Understand Amazon Aurora high availability and disaster recovery from an Oracle perspective

In this post, we compare the high availability (HA) and disaster recovery (DR) features of Amazon Aurora to Oracle, with a focus of the Aurora disk subsystem and how this key innovation allows Amazon Aurora Global Database to deliver performance and availability.

Data today is increasingly seen as a corporate asset, and safeguarding this asset is a key focus for many businesses. When that data exists in a database, the vendors of these systems produce methods and services to enable their customer’s data to be protected both for HA and DR. These services have focused on a strategy of producing an exact copy of the source database across the network to a destination database, and then applying this copy to the destination. Database technologies are designed to be compatible with a broad range of hardware and storage options, they can only meet HA and DR requirements through the database engine. All of them suffer from a broad range of implementation complexities, because all of them were developed in an on-premises World prior to the development of cloud platforms.

The Amazon Aurora product team has taken a cloud-native approach when designing and building out what has become a modern relational database platform. The key innovation that this team developed was the disk subsystem that allows Aurora to implement HA and DR across the globe in a way that allows implementors to merely check a box. Amazon Aurora Global Database provides a cluster with the ability to replicate data to multiple AWS Regions by asynchronously replicating data with low latency and no impacts to performance.

One of the players in the relational database space is Oracle, and the product that implements this previous strategy for their database is called Oracle Data Guard. To provide the best HA and DR Oracle recommends using two additional “at cost” database options called Active Data Guard and Real Application Clusters (RAC).

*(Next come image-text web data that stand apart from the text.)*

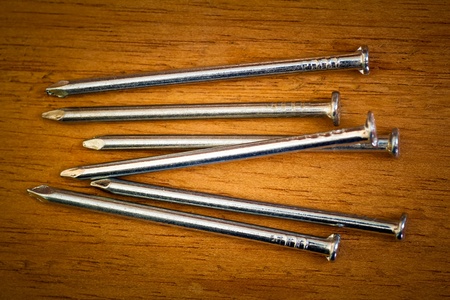 Nails on a wood backgroundの写真素材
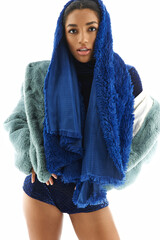 Chic young woman showcases trendy attire style with stylish layers and bold accessories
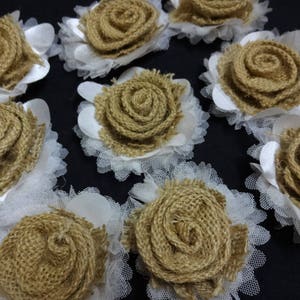 May include: A collection of nine brown burlap fabric flowers with white lace trim. The flowers are arranged in a circular pattern on a black background.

Oracle Active Data Guard Far Sync design

When traditional relational database vendors went to solve the HA and DR problems their customers were having, they did it with the components they could control. These were the database processes running on the servers and the network interfaces they used to communicate. They actively ignored the disk systems that their data were maintained on because they had no way of controlling that system between servers and had to completely rely on the storage vendors if they were to use that as a method of recovery or availability. Amazon Aurora has a shared storage architecture that allows data to be independent from the DB instances in the cluster. This means that you can add a new DB instance to the cluster quickly, because Aurora does not need to create a new copy of the table data. Instead, the new DB instance can simply connect to the shared volume that already contains all the data. Similarly, you can remove a DB instance from the cluster without affecting the data stored in the cluster. This helps to improve the flexibility and scalability of the database.

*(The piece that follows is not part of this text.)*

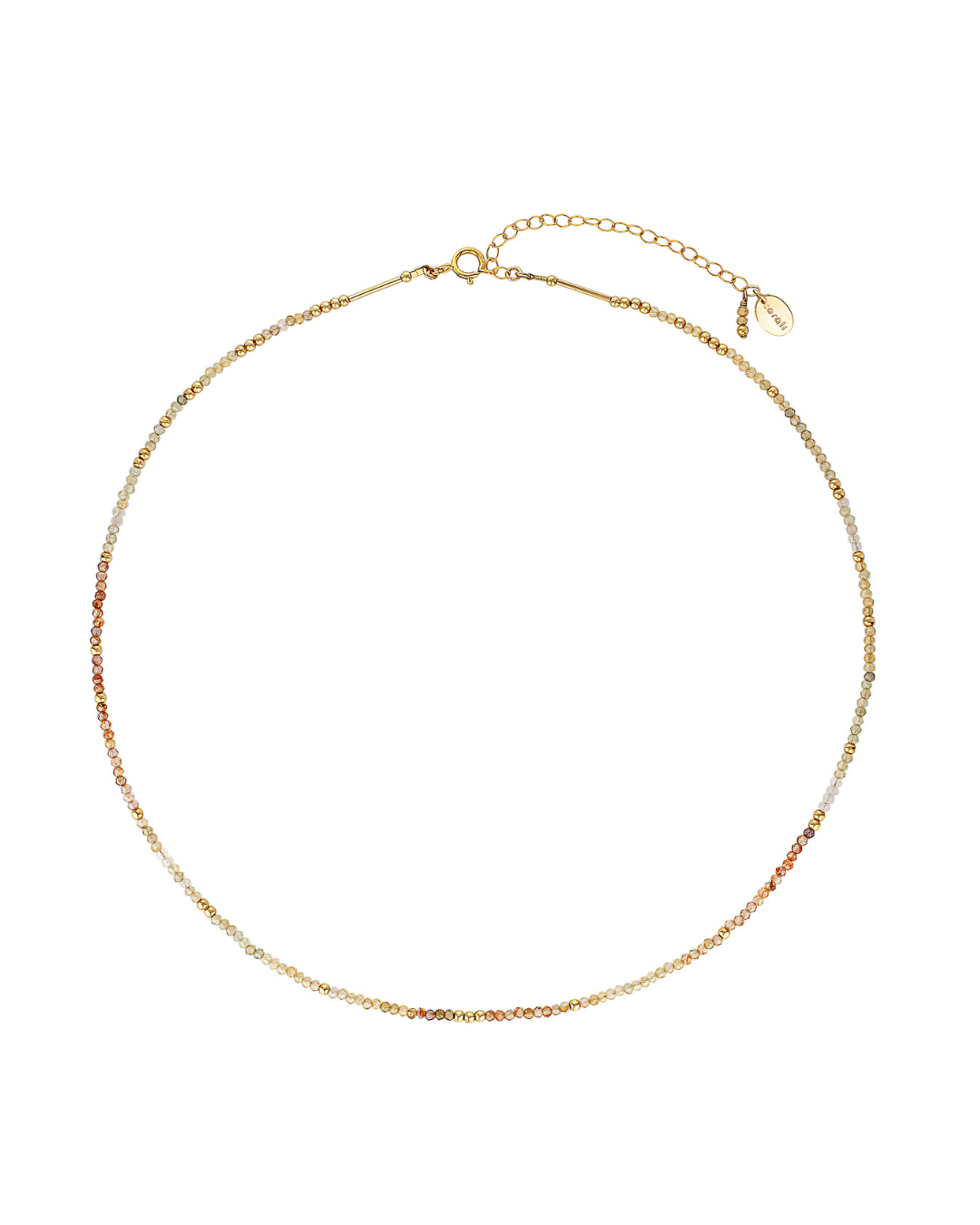 Gold and zircon gemstone necklace on a white background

The Oracle Active Data Guard option has a reference architecture that shows database administrators and system engineers how to configure HA and DR across 2 or more databases located on different physical sites. This is known as a full site failover configuration, and is the only configuration that addressed the failure of a site in a protective way that allows for full data recovery. The following high-level diagram shows the primary database, the secondary database, and the synchronization server that is recommended to ensure that in the case of a complete site failure, the last transactions sent out by the primary can be applied to the secondary server.

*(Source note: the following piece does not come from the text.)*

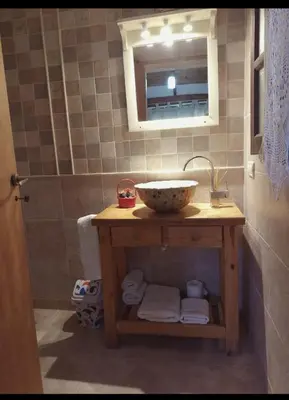 a bathroom with a sink and a mirror at Tenderete in Villa General Belgrano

This design is known as Active Data Guard Far Sync, which is a licensed feature of the Oracle Enterprise Database. The Far Sync design is intended to enable replication of data to another site without impacting the performance of the primary cluster. You do need to keep in mind that this configuration forces a 2-phase commit between the primary server and the Far Sync Server which can lead to performance degradation on the Primary server depending on how far apart the two servers are. Active Data Guard with Far Sync requires a Far Sync server in the same region as the Primary database to help reduce the chance for data loss in the event of a disaster. This Far Sync instance is a shell database, without any data, simply acting as a server to receive redo in a synchronous fashion (Max Protection) from the Primary, and send it asynchronously (Max Performance) to the Standby database in a different region.

Aurora design

One of the key architectural foundations in Aurora is the separation of compute and storage. The purpose-built storage layer is distributed across three Availability Zones, maintains six copies of your data, and is distributed across hundreds to thousands of nodes depending on the size of your database. When a cluster is created, it consumes very little storage, and as the database expands, Aurora seamlessly expands the volume to accommodate the demand and has the capacity to grow to 128 TB. To review the architecture of the storage layer and how it works refer to Amazon Aurora storage and reliability.

High Availability

When comparing the following diagram to what Oracle has, you must first understand what an Availability Zone (AZ) is in AWS. Each Availability Zone comprises a logical data center that has multiple physical data centers supporting it. There are low-latency connections between the Availability Zones, and they exist inside of a Region, which is a named set of AWS resources that’s in the same geographical area. A Region comprises at least three Availability Zones. The following design is highly scalable and durable, exclusively addressing high availability but not disaster recovery. The AWS Global Infrastructure is always growing and to get an understand of its reach please see this diagram of the footprint.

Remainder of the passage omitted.